Someone called "hey, Raymantico" in my open window from the street. It was Ian my former house-mate who is active in Occupy. He came up and invited me with him to visit the latest encampment, "Occupy the Farm" in nearby Albany. A doctoral candidate in music his appearance had changed since we'd first met. From the clean-cut grad student (who nevertheless played in at least two bands, one Ethiopian-pop the other wooly dense stuff like Mahavishnu Orchestra on nitrous oxide or something) to the back-to-the-land-archist cat with beard as long and wild as his head-hair. He hurtled through back-streets and crowded boulevardes both at what is for me breakneck speed toward the agricultural tracts owned by the Yooniversity and occupied by a mostly young bunch of students and friends.

The place had a charming mood of the makeshift practicality, and good vibe gathering. A small kitchen wafted aromas of the evening meal on its way. Ian became engaged in several conversations so I pushed on for an unguided tour. In the near distance beyond the central mid-way as it were planting and watering took place in the extended evening light of spring. Closer to were a couple of information tables and other operations some adjourned for the day. The concourse culminated in a ring of hale bales above which folks were stringing light bulbs. Tonight was to be a jamboree and various folk guitar toting young minstrels bided time as a stage-area was wired for sound. I sat in an available canvas lounge chair and watched the long shadows across the ruled farm land.

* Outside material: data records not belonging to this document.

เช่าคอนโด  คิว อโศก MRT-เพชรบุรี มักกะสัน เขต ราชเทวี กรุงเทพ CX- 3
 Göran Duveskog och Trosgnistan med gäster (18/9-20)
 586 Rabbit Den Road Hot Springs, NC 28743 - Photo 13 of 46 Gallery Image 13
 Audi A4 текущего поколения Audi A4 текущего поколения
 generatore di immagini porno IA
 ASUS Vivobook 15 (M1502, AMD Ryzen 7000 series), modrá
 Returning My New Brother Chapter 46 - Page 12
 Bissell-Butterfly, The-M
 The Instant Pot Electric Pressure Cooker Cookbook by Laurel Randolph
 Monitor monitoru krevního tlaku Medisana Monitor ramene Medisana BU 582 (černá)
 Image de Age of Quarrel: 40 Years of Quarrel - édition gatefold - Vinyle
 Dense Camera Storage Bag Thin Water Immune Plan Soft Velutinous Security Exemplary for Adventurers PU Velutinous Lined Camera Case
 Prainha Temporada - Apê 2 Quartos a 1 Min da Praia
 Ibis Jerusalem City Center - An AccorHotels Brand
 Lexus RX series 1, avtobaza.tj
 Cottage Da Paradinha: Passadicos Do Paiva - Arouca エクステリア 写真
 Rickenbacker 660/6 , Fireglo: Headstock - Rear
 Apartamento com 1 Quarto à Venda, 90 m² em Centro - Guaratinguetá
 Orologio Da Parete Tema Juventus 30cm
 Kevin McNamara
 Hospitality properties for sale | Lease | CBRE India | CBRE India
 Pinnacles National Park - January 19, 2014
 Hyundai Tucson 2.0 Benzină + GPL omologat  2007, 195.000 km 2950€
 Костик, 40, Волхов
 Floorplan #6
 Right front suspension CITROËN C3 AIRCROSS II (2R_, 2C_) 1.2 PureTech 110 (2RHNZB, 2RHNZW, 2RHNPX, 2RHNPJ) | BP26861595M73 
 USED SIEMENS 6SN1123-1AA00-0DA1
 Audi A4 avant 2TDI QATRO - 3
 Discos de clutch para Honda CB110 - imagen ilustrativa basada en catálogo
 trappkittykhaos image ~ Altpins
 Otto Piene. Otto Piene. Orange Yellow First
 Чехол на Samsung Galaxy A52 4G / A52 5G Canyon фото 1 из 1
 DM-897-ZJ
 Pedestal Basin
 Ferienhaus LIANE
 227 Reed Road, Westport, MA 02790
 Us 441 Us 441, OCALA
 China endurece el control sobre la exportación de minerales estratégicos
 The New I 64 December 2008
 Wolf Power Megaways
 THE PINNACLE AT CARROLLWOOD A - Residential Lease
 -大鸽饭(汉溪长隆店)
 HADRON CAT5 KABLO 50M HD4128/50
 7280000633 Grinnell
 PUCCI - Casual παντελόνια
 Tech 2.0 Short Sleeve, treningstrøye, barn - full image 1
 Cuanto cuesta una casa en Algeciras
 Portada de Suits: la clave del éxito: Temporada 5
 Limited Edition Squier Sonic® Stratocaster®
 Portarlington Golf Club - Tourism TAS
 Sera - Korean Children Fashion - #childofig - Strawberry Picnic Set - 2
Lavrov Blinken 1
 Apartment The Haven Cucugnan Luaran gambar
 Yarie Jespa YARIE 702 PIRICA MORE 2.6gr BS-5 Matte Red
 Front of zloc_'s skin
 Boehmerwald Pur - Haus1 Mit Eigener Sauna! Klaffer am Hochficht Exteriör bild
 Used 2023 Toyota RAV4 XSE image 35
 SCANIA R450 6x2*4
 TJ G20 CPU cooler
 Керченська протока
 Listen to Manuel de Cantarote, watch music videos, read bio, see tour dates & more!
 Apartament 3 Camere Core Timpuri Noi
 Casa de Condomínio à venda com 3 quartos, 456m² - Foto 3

Who would not sympathize with the quixotic idealism of some the stated goals of  this action? That is to make a statement about preserving some of the last viable farm land hereabouts versus the publicized plan to create a whole foods market and modest retirement housing there. But seriously considered it has less chance of prevailing in the courts of property than did the appeal to UC's better nature in the call to preserve the monumental oak grove.  That legacy was, as we know, eventually shredded for the uber-stadium plans the funding for which, what do you know?, have recently been exposed as a fraud-ridden part of the boom boom war and investment scandal years. As the last secretary of state once asked, "How could we have possibly known?"

At some later court proceeding against Occupy the Farm, a UC lawyer referred to this state-owned public property as "private property." In other  mad mad courthouse news the judge who had issued draconian stay-away orders for enrolled students arrested on campus at Occupy Cal, has since been indicted for elder abuse and grand larceny from an octogenarian trustee lady. Accept judgement from the moral high ground, ye must.

And as it inevitably shook down, platoons of police state overkill arrived and ejected Occupy the Farm a few weeks later. Some were arrested one brave soul allegedly urinated on a riot-clad cop from a tree. Shortly after ward both the city of Albany (trapped in a mutual support agreement with the gestapo-like UC police) and the UC police themselves both submitted a bill for police expenses to Occupy the Farm members. Albany asked for less than four-thousand dollars. UC's villainous mouth-piece Mogolof has demanded around four-hundred thousand and counting. People who are humble enough to sleep out with their crops are thereby damned to a huge financial liability for daring to protest UC officials for selling off public holdings to bankroll their own careers and gild their own parachutes.

On that idyllic night in May, Ian and I didn't hang long enough for the show to begin. The meal smelled great but the line was long and I was happy to leave the vittles for the others especially those hauling water to remote crops. Instead we decamped to an area where instruments were played and the smoking chalice was passed about. As we pushed on through Ian again held up in conversation I climbed a little tower like outdoor airport stairs and looked over at the small group enchanted by music and herb. Hope among the remnants of the natural world getting smaller as we were soon winging toward home.